Dataset extract:

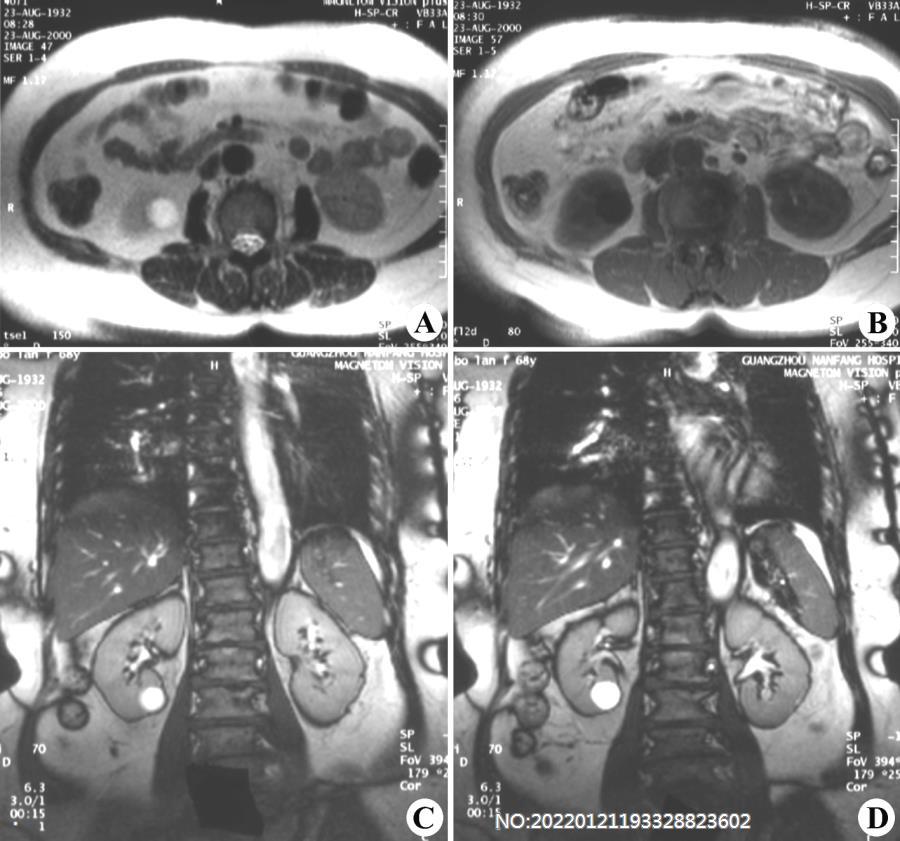 图6-174右肾下极囊肿MRI.jpg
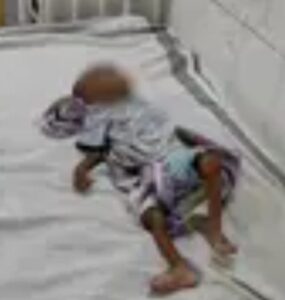 महिला बाल विकास में चल रही वसूली, दम तोड़ रहे कुपोषित, सिविल सर्जन रोक रहे मीडिया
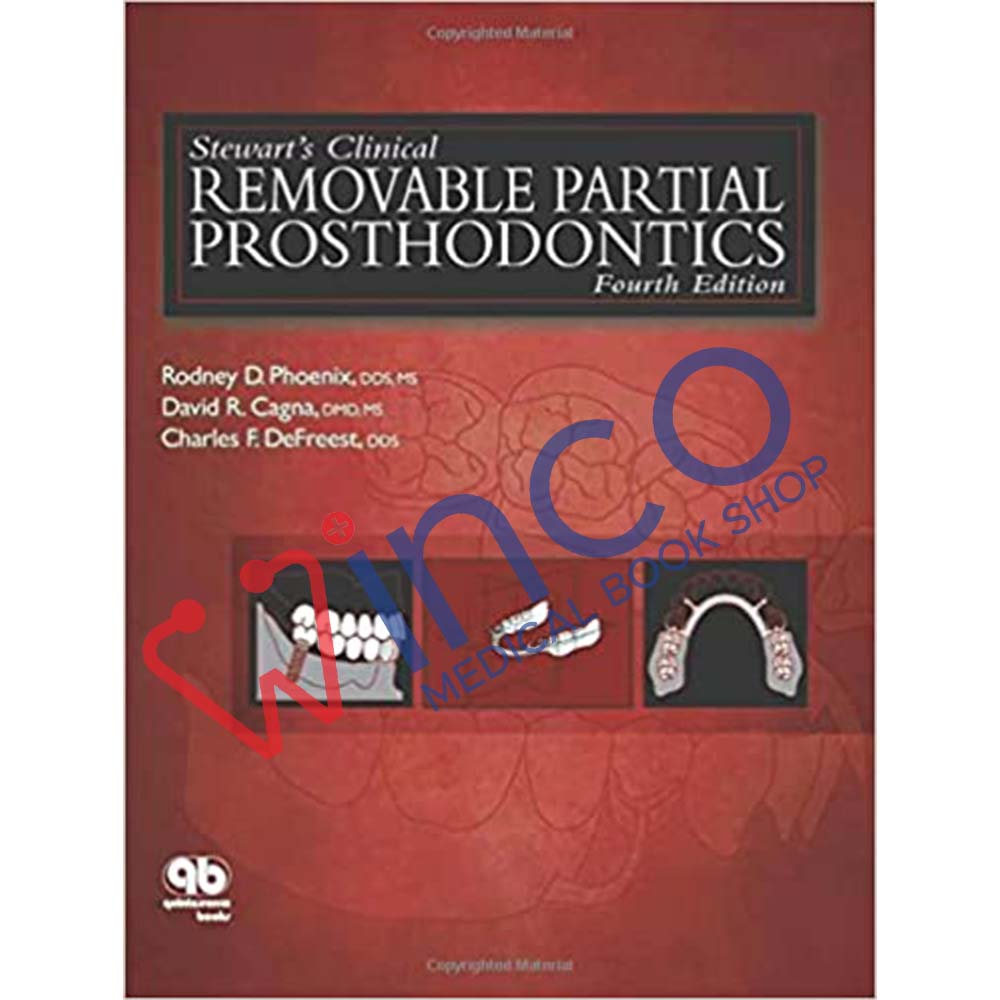 Stewart's Clinical Removable Partial Prosthodontics, 4th Edition ...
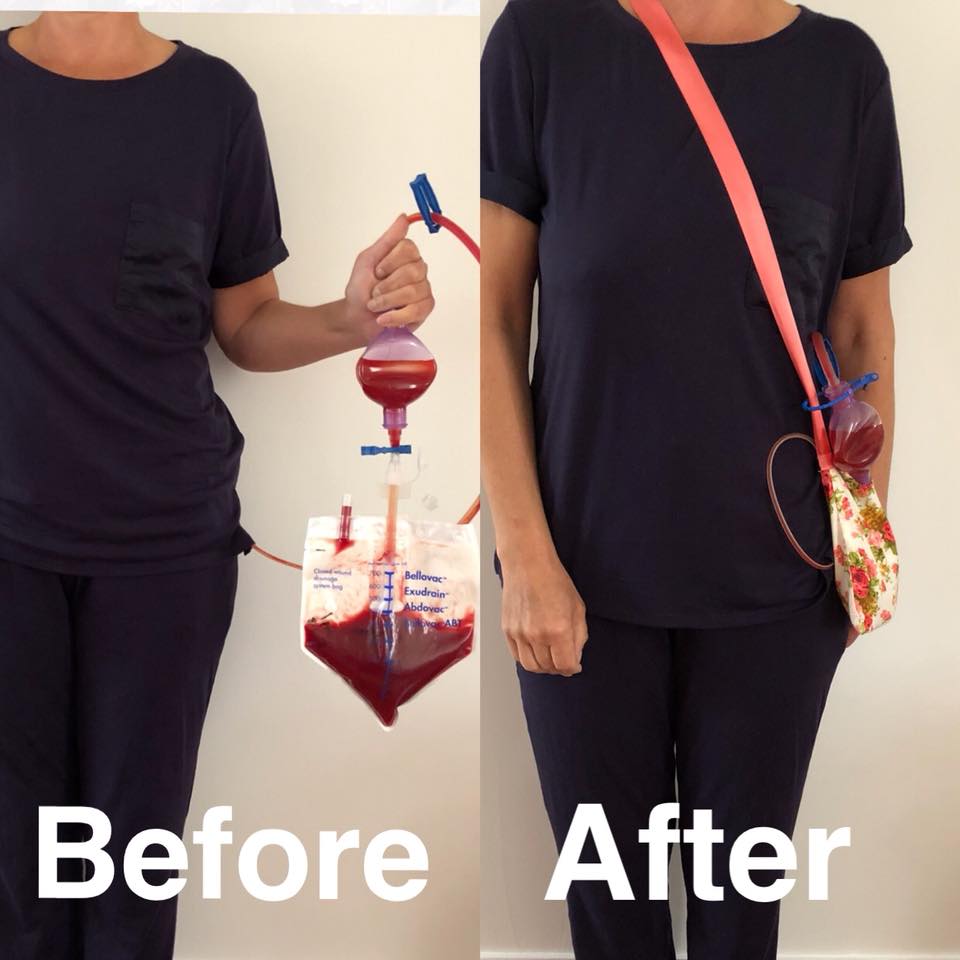 Drain Bag for post surgery mastectomy cancer care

About this task: Leaving every picture out, please copy exactly the lines from the one holding "महिला बाल विकास" through the last line of the listing, both ends included.

Result of this exercise:
 महिला बाल विकास में चल रही वसूली, दम तोड़ रहे कुपोषित, सिविल सर्जन रोक रहे मीडिया
 Stewart's Clinical Removable Partial Prosthodontics, 4th Edition ...
 Drain Bag for post surgery mastectomy cancer care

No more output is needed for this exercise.